Have you been threatened or in a fight recently? Defended yourself from harm? Accused of violence? If so, you may be open to assault charges.
Assault cases are defined under Ohio law as “causing or attempting to cause physical harm to another.” Charges can range from simple assault (the attempt to harm an individual) to felonious assault (where serious injury is caused). The penalties are harsh in all cases and include monetary fines and/or possible prison terms even when you may have been defending yourself.
Simple Assault vs. Felony Assault
Assault cases include a very broad range of injury-related crimes and can be quite complicated to define. “Simple assault” can range from a threat or attempt to harm another (such as threatening violence or shoving someone during an argument) to reckless behavior that results in injury (such as a hunting accident). Even if you don’t intend to injure anyone, you can be charged if your actions neglected to consider the safety of those around you.
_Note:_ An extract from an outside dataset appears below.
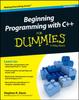 Bok Beginning Programming with C++ For Dummies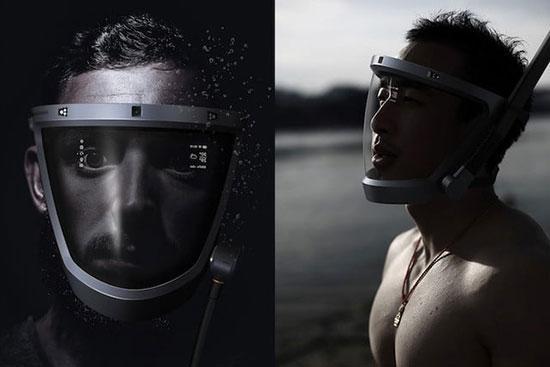D-Mask dalış sporunun geleceğini değiştirebilir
“Felony assault” is a much more serious crime and refers to violent incidents that include the use of a deadly weapon and/or the intent to cause someone serious harm. It also includes injury that occurs during an attempt to commit another felony, such as arson or rape. This also includes any sexual contact with a minor under 14 years of age.
Sentencing and Representation
Simple assault can often result in a misdemeanor charge and jail time, while felony assault results in fines and time in prison. If you have been arrested or charged, you need the representation of a competent, assertive attorney. The risks of going to court without a good attorney to defend you are too great.